Human CSF pharmacoproteomics establishes in vivo‐relevant BACE1 substrates as pharmacodynamic biomarkers for chronic BACE inhibition in clinical trials
Stefan F Lichtenthaler, Pieter Giesbertz, Ana Graf, Matthew E. Kennedy, Naotaka Horiguchi, Stephan A. Müller- Psychiatry and Mental health
- Cellular and Molecular Neuroscience
- Geriatrics and Gerontology
- Neurology (clinical)
- Developmental Neuroscience
- Health Policy
- Epidemiology
Abstract
Background
BACE1 is a major drug target for Alzheimer’s disease, but several late‐stage clinical trials with BACE‐inhibitors were associated with adverse events, most notably worsening in measures of cognitive function. Inhibition of BACE1‐dependent processing of a set of CNS membrane proteins is possibly responsible for these adverse findings. It is however unknown, which physiological BACE1 substrates are affected in humans at clinically relevant doses of a BACE inhibitor. To identify such substrates, we carried out a quantitative proteomic analysis of cerebrospinal fluid (CSF) from a subset of participants of phase 2 clinical trials with umibecestat or atabecestat or of a phase 3 clinical trial with verubecestat.
Method
Pre‐ and post‐dose CSF samples were quantitatively analyzed by nanoLC‐MS/MS. Selected proteins were further validated by ELISA. Changes in BACE1 substrate abundance were correlated with changes in Ab, sAPPb and with occurence of cognitive worsening.
Result
More than 1,000 CSF proteins were relatively quantified between the BACE inhibitor‐treated groups versus placebo.

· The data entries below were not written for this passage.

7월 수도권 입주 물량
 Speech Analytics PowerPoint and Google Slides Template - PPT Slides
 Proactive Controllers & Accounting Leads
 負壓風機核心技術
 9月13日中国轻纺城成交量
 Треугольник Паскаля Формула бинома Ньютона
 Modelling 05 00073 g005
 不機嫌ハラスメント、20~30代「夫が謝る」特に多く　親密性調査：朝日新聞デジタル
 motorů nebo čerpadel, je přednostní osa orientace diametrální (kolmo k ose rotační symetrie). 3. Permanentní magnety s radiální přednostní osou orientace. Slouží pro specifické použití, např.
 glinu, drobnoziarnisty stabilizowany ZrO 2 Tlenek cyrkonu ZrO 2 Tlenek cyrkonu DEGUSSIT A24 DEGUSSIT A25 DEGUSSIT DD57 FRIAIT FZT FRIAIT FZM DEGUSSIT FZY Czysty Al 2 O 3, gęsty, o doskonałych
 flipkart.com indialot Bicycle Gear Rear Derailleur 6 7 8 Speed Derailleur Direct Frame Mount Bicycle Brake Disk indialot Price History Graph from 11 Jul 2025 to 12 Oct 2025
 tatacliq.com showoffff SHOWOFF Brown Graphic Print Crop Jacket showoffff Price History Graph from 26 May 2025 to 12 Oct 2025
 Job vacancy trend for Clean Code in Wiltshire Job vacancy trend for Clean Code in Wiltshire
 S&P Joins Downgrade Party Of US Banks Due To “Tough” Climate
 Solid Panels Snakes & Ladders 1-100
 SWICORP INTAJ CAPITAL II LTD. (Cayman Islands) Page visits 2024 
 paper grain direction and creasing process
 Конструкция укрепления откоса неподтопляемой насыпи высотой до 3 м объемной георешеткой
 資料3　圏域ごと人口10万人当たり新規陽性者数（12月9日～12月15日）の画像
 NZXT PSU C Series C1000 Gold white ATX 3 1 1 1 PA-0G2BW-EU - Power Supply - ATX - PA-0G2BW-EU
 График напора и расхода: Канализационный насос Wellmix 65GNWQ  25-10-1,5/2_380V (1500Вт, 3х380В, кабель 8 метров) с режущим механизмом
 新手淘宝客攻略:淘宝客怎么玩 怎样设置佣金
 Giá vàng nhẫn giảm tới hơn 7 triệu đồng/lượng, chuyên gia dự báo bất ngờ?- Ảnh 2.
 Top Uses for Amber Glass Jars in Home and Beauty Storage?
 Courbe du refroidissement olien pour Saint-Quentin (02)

The cleaved extracellular domains of several BACE1 substrates with established neuronal or synaptic functions displayed a dose‐dependent reduction. This included SEZ6, SEZ6L, CACHD1, CHL1, L1 and the APP family members APLP1 and APLP2. While some substrates, e.g. SEZ6, were reduced to similar degree as Ab and sAPPb, the reduction for other substrates was less than 50%, presumably because they are cleaved by additional proteases other than BACE1. BACE inhibition significantly and dose‐dependently increased CSF abundance of only a single quantified protein, the myelin‐associated glycoprotein. Similar protein changes upon BACE inhibition or BACE1 deletion were seen in CSF of mice and of non‐human primates and indicate that BACE1 substrates are evolutionarily conserved.
Conclusion
BACE inhibitors in clinical trials block cleavage of multiple BACE1 substrates in a dose‐dependent manner. A reduction of the inhibitor dose to less than 50% BACE1 inhibition may be an appropriate strategy to avoid side effects in future clinical trials with BACE inhibitors. Our analysis also demonstrates that proteomics enables pharmacodynamic studies of multiple CSF proteins in single measurements, which are suitable for precision medicine approaches in future clinical trials with BACE inhibitors.